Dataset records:
·····

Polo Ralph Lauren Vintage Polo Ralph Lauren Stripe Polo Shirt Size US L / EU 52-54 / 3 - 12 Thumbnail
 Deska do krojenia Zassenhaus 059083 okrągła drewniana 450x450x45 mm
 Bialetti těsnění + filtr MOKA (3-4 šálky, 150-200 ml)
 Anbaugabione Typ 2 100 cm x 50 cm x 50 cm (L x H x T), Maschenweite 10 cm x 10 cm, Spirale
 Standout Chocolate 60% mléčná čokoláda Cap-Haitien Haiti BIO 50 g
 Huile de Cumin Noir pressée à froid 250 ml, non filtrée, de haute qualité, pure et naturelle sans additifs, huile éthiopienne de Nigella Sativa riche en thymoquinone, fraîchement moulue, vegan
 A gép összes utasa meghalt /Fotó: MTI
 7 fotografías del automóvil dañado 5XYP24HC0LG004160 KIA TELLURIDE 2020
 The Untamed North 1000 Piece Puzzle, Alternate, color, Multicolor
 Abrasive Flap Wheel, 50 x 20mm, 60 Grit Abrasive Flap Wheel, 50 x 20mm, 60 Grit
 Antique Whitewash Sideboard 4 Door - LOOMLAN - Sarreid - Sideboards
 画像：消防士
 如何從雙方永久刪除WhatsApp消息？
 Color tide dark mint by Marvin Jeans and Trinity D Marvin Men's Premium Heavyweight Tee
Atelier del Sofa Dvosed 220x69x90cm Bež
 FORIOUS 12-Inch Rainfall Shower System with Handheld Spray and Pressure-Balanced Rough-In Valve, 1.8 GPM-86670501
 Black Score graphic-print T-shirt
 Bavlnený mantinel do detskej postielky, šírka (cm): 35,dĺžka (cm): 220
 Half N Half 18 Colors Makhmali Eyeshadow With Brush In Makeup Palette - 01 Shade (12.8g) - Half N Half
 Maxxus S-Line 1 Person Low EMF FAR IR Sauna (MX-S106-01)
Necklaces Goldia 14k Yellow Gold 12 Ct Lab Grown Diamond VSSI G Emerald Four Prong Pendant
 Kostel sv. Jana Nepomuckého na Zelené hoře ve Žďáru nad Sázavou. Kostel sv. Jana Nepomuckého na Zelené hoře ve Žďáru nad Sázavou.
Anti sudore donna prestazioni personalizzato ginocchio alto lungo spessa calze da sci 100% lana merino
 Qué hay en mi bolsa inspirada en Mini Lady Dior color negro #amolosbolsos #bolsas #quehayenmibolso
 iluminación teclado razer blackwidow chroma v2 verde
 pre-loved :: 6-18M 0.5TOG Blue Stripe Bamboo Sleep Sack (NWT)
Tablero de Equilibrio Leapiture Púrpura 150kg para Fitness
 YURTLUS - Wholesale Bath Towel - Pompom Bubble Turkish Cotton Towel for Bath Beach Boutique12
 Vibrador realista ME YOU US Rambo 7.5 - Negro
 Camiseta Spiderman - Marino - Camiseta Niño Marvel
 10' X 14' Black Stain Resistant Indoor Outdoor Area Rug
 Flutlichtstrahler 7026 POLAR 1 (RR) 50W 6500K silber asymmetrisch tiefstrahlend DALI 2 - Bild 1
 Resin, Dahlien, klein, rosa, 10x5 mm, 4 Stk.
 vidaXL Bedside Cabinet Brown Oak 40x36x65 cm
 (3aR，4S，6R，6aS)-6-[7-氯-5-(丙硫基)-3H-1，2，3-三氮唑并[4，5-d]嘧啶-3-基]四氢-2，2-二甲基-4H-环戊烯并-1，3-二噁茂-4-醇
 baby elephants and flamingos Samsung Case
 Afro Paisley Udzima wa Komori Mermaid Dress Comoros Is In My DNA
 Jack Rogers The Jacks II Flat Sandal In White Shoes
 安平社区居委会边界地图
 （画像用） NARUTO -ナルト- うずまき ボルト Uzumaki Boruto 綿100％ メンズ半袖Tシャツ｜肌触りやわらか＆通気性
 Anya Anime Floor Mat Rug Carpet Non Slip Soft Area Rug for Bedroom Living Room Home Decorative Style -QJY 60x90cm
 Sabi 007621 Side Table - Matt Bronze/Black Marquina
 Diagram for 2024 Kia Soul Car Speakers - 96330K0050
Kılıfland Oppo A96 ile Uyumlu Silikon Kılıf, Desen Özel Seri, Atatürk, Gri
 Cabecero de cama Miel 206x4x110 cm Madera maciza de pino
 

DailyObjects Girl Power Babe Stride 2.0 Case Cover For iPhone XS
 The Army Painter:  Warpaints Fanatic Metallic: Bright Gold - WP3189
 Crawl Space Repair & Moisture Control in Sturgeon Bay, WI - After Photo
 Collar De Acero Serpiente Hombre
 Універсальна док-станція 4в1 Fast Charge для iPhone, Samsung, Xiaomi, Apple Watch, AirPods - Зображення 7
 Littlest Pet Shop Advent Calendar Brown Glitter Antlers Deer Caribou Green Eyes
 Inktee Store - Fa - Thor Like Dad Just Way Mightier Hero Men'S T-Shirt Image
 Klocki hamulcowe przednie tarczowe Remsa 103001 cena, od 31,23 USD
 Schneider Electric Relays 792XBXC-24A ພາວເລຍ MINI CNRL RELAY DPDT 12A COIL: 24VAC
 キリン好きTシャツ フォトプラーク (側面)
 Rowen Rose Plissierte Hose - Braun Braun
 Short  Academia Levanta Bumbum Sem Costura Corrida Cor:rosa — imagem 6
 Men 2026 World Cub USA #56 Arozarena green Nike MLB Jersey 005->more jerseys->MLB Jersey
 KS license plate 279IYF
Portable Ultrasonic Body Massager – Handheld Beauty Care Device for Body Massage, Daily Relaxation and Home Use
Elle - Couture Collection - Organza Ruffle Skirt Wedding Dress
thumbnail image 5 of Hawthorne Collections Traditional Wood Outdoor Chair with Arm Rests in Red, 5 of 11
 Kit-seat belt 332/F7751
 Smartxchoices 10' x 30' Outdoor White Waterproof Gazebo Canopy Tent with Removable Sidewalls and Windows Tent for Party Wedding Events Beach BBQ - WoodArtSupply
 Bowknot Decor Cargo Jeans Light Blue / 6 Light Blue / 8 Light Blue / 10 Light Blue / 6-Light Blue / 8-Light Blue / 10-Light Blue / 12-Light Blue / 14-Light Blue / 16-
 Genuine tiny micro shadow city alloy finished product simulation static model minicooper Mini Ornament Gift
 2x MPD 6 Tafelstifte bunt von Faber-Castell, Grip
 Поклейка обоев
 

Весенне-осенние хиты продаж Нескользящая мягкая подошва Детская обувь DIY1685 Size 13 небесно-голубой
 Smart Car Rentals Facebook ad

·····

# Exercise aim:
Each entry above is to be written out exactly.

# Exercise answer:
Polo Ralph Lauren Vintage Polo Ralph Lauren Stripe Polo Shirt Size US L / EU 52-54 / 3 - 12 Thumbnail
 Deska do krojenia Zassenhaus 059083 okrągła drewniana 450x450x45 mm
 Bialetti těsnění + filtr MOKA (3-4 šálky, 150-200 ml)
 Anbaugabione Typ 2 100 cm x 50 cm x 50 cm (L x H x T), Maschenweite 10 cm x 10 cm, Spirale
 Standout Chocolate 60% mléčná čokoláda Cap-Haitien Haiti BIO 50 g
 Huile de Cumin Noir pressée à froid 250 ml, non filtrée, de haute qualité, pure et naturelle sans additifs, huile éthiopienne de Nigella Sativa riche en thymoquinone, fraîchement moulue, vegan
 A gép összes utasa meghalt /Fotó: MTI
 7 fotografías del automóvil dañado 5XYP24HC0LG004160 KIA TELLURIDE 2020
 The Untamed North 1000 Piece Puzzle, Alternate, color, Multicolor
 Abrasive Flap Wheel, 50 x 20mm, 60 Grit Abrasive Flap Wheel, 50 x 20mm, 60 Grit
 Antique Whitewash Sideboard 4 Door - LOOMLAN - Sarreid - Sideboards
 画像：消防士
 如何從雙方永久刪除WhatsApp消息？
 Color tide dark mint by Marvin Jeans and Trinity D Marvin Men's Premium Heavyweight Tee
Atelier del Sofa Dvosed 220x69x90cm Bež
 FORIOUS 12-Inch Rainfall Shower System with Handheld Spray and Pressure-Balanced Rough-In Valve, 1.8 GPM-86670501
 Black Score graphic-print T-shirt
 Bavlnený mantinel do detskej postielky, šírka (cm): 35,dĺžka (cm): 220
 Half N Half 18 Colors Makhmali Eyeshadow With Brush In Makeup Palette - 01 Shade (12.8g) - Half N Half
 Maxxus S-Line 1 Person Low EMF FAR IR Sauna (MX-S106-01)
Necklaces Goldia 14k Yellow Gold 12 Ct Lab Grown Diamond VSSI G Emerald Four Prong Pendant
 Kostel sv. Jana Nepomuckého na Zelené hoře ve Žďáru nad Sázavou. Kostel sv. Jana Nepomuckého na Zelené hoře ve Žďáru nad Sázavou.
Anti sudore donna prestazioni personalizzato ginocchio alto lungo spessa calze da sci 100% lana merino
 Qué hay en mi bolsa inspirada en Mini Lady Dior color negro #amolosbolsos #bolsas #quehayenmibolso
 iluminación teclado razer blackwidow chroma v2 verde
 pre-loved :: 6-18M 0.5TOG Blue Stripe Bamboo Sleep Sack (NWT)
Tablero de Equilibrio Leapiture Púrpura 150kg para Fitness
 YURTLUS - Wholesale Bath Towel - Pompom Bubble Turkish Cotton Towel for Bath Beach Boutique12
 Vibrador realista ME YOU US Rambo 7.5 - Negro
 Camiseta Spiderman - Marino - Camiseta Niño Marvel
 10' X 14' Black Stain Resistant Indoor Outdoor Area Rug
 Flutlichtstrahler 7026 POLAR 1 (RR) 50W 6500K silber asymmetrisch tiefstrahlend DALI 2 - Bild 1
 Resin, Dahlien, klein, rosa, 10x5 mm, 4 Stk.
 vidaXL Bedside Cabinet Brown Oak 40x36x65 cm
 (3aR，4S，6R，6aS)-6-[7-氯-5-(丙硫基)-3H-1，2，3-三氮唑并[4，5-d]嘧啶-3-基]四氢-2，2-二甲基-4H-环戊烯并-1，3-二噁茂-4-醇
 baby elephants and flamingos Samsung Case
 Afro Paisley Udzima wa Komori Mermaid Dress Comoros Is In My DNA
 Jack Rogers The Jacks II Flat Sandal In White Shoes
 安平社区居委会边界地图
 （画像用） NARUTO -ナルト- うずまき ボルト Uzumaki Boruto 綿100％ メンズ半袖Tシャツ｜肌触りやわらか＆通気性
 Anya Anime Floor Mat Rug Carpet Non Slip Soft Area Rug for Bedroom Living Room Home Decorative Style -QJY 60x90cm
 Sabi 007621 Side Table - Matt Bronze/Black Marquina
 Diagram for 2024 Kia Soul Car Speakers - 96330K0050
Kılıfland Oppo A96 ile Uyumlu Silikon Kılıf, Desen Özel Seri, Atatürk, Gri
 Cabecero de cama Miel 206x4x110 cm Madera maciza de pino
 

DailyObjects Girl Power Babe Stride 2.0 Case Cover For iPhone XS
 The Army Painter:  Warpaints Fanatic Metallic: Bright Gold - WP3189
 Crawl Space Repair & Moisture Control in Sturgeon Bay, WI - After Photo
 Collar De Acero Serpiente Hombre
 Універсальна док-станція 4в1 Fast Charge для iPhone, Samsung, Xiaomi, Apple Watch, AirPods - Зображення 7
 Littlest Pet Shop Advent Calendar Brown Glitter Antlers Deer Caribou Green Eyes
 Inktee Store - Fa - Thor Like Dad Just Way Mightier Hero Men'S T-Shirt Image
 Klocki hamulcowe przednie tarczowe Remsa 103001 cena, od 31,23 USD
 Schneider Electric Relays 792XBXC-24A ພາວເລຍ MINI CNRL RELAY DPDT 12A COIL: 24VAC
 キリン好きTシャツ フォトプラーク (側面)
 Rowen Rose Plissierte Hose - Braun Braun
 Short  Academia Levanta Bumbum Sem Costura Corrida Cor:rosa — imagem 6
 Men 2026 World Cub USA #56 Arozarena green Nike MLB Jersey 005->more jerseys->MLB Jersey
 KS license plate 279IYF
Portable Ultrasonic Body Massager – Handheld Beauty Care Device for Body Massage, Daily Relaxation and Home Use
Elle - Couture Collection - Organza Ruffle Skirt Wedding Dress
thumbnail image 5 of Hawthorne Collections Traditional Wood Outdoor Chair with Arm Rests in Red, 5 of 11
 Kit-seat belt 332/F7751
 Smartxchoices 10' x 30' Outdoor White Waterproof Gazebo Canopy Tent with Removable Sidewalls and Windows Tent for Party Wedding Events Beach BBQ - WoodArtSupply
 Bowknot Decor Cargo Jeans Light Blue / 6 Light Blue / 8 Light Blue / 10 Light Blue / 6-Light Blue / 8-Light Blue / 10-Light Blue / 12-Light Blue / 14-Light Blue / 16-
 Genuine tiny micro shadow city alloy finished product simulation static model minicooper Mini Ornament Gift
 2x MPD 6 Tafelstifte bunt von Faber-Castell, Grip
 Поклейка обоев
 

Весенне-осенние хиты продаж Нескользящая мягкая подошва Детская обувь DIY1685 Size 13 небесно-голубой
 Smart Car Rentals Facebook ad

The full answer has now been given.